◆ Exercise description: Every line of the listing belongs in your answer exactly as written; the images do not.
(Beginning of Source data)
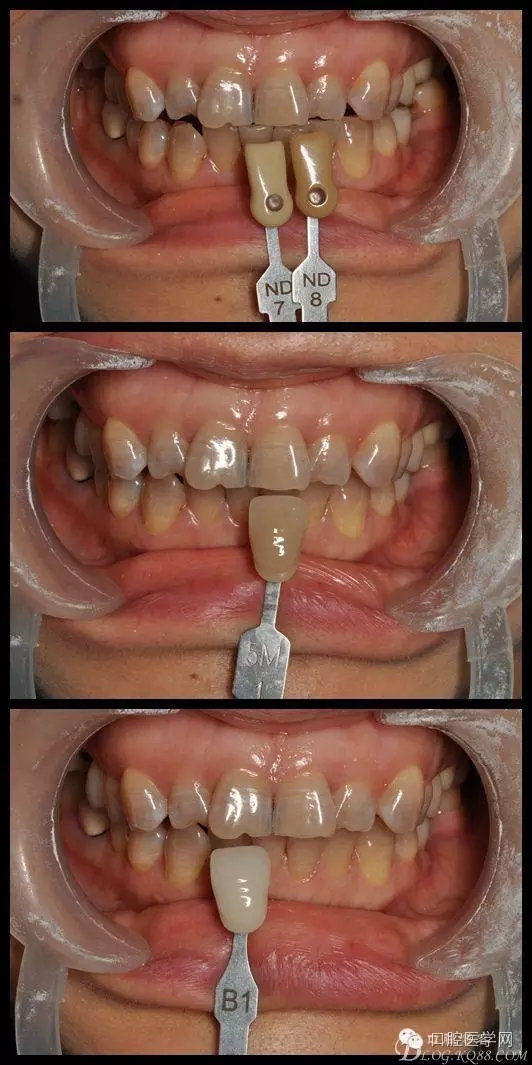 640.webp (6).jpg 640.webp (6).jpg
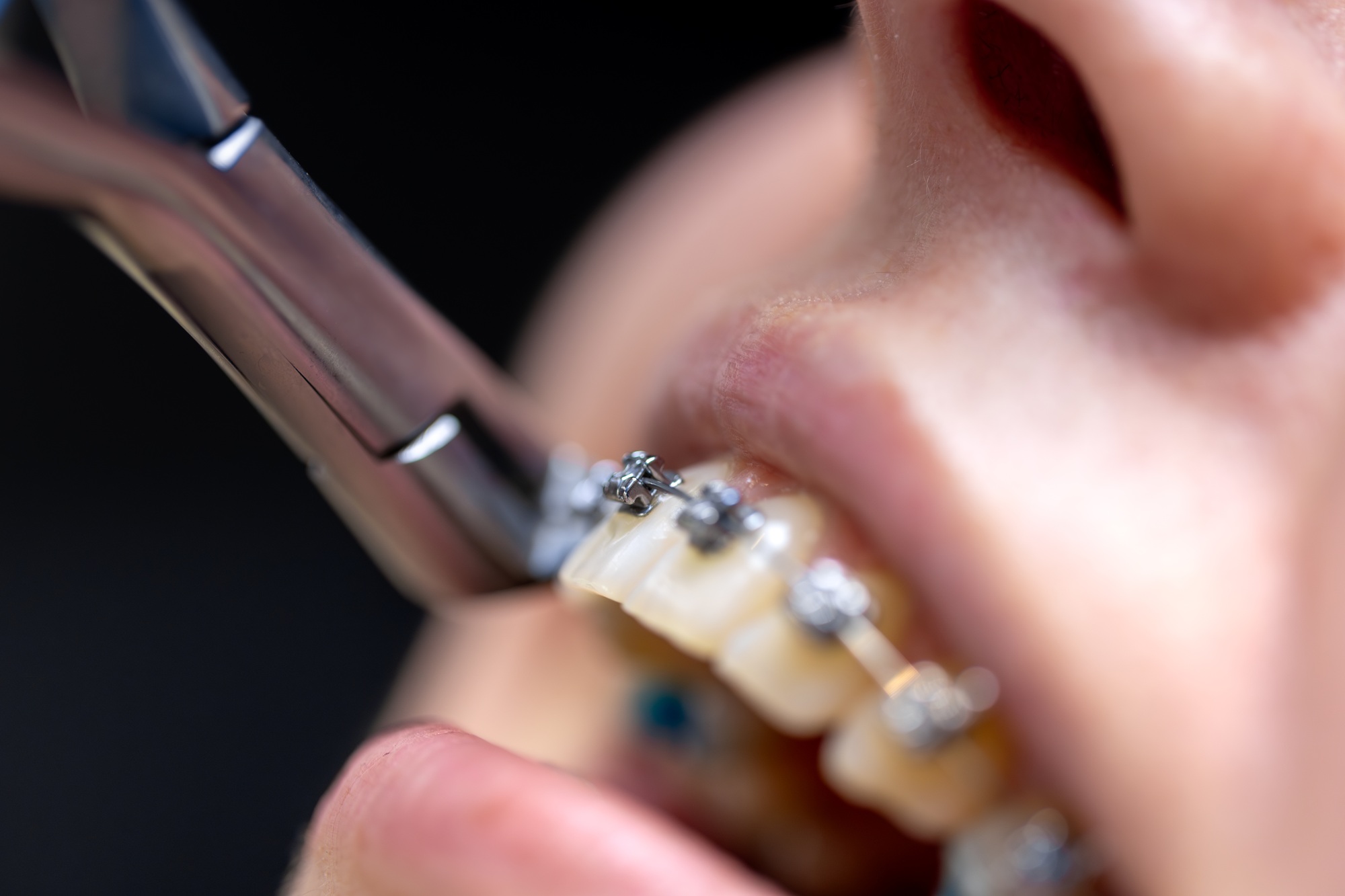 Dental procedure for installing braces close up. Dentistry. Braces on the teeth.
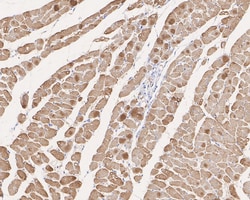 Invitrogen alpha-Cardiac Actin Monoclonal Antibody (33-32) 100 &mu;L; Unconjugated:Antibodies,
(End of Source data)
◆ Output of the task:
 640.webp (6).jpg 640.webp (6).jpg
 Dental procedure for installing braces close up. Dentistry. Braces on the teeth.
 Invitrogen alpha-Cardiac Actin Monoclonal Antibody (33-32) 100 &mu;L; Unconjugated:Antibodies,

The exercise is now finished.